> [SUPPLIED MATERIAL]:
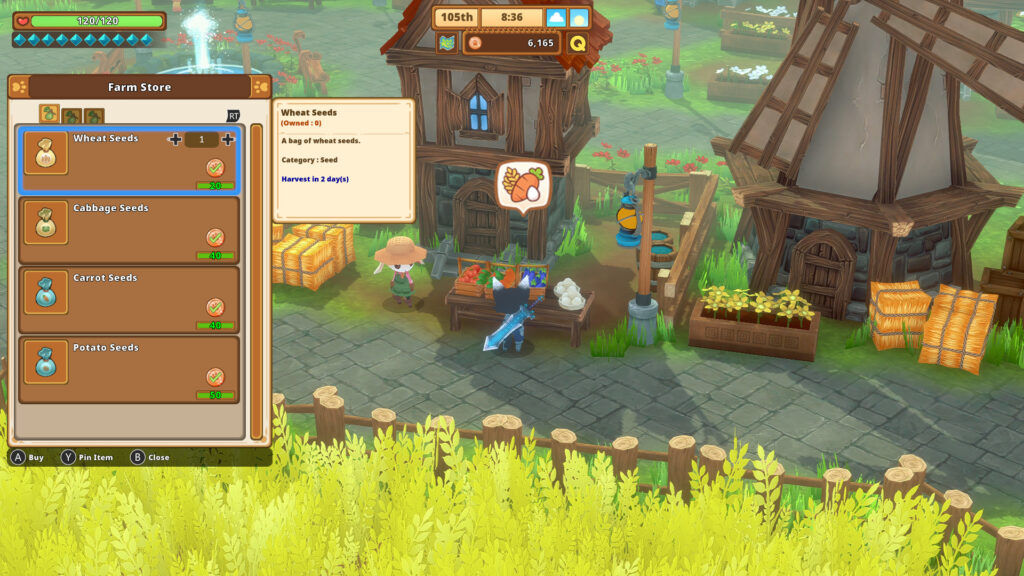 A black and white cat views the inventory of a rabbit salesman in Paw Village.
Kitaria Fables Nintendo Switch Review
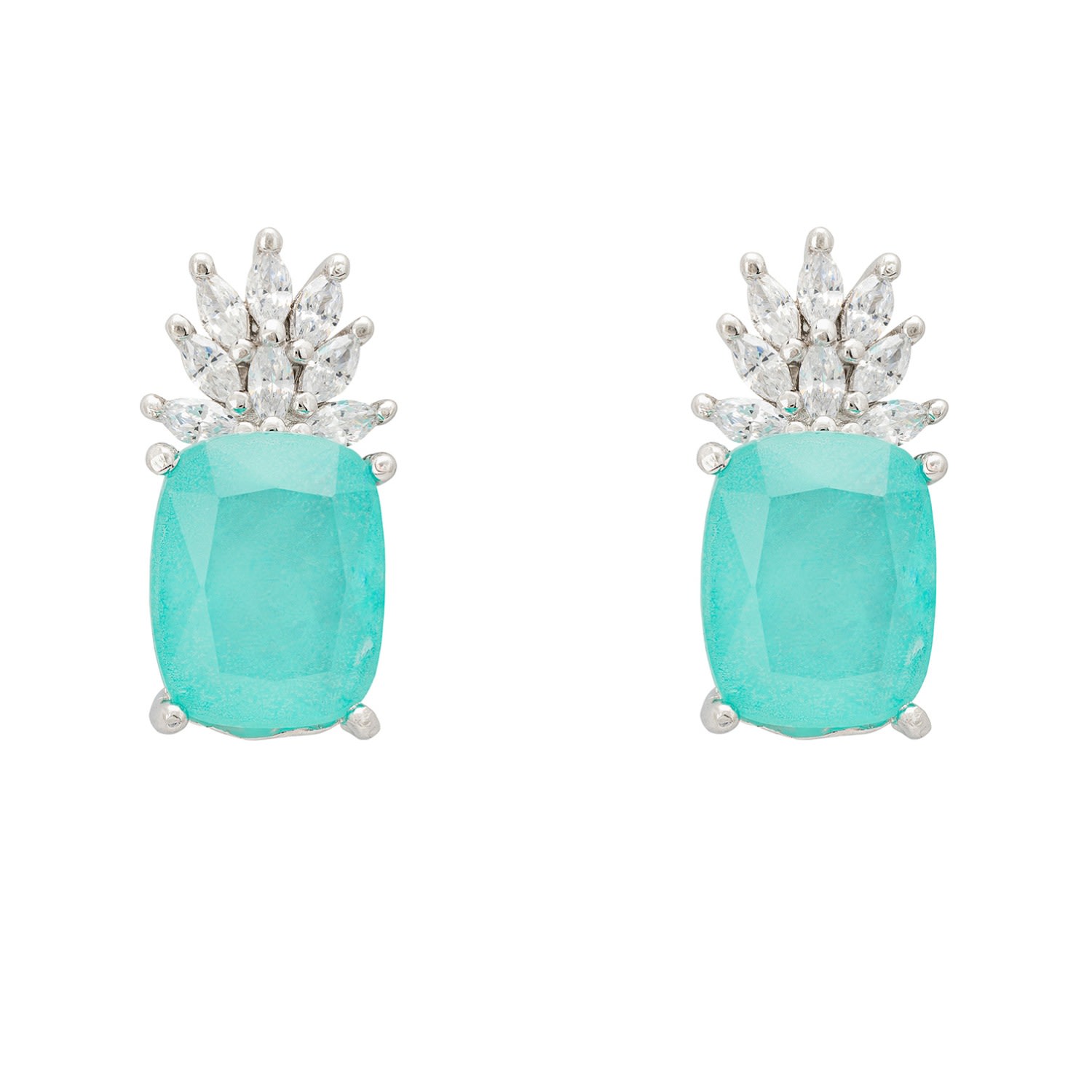 Women’s Blue / Silver / White Pineapple Gemstone Earrings Paraiba Tourmaline Silver Latelita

> [TASK TO CARRY OUT]: Would it be possible to reproduce the material word for word, images omitted?

> [RESPONSE TO THE TASK]:
 A black and white cat views the inventory of a rabbit salesman in Paw Village.
Kitaria Fables Nintendo Switch Review
 Women’s Blue / Silver / White Pineapple Gemstone Earrings Paraiba Tourmaline Silver Latelita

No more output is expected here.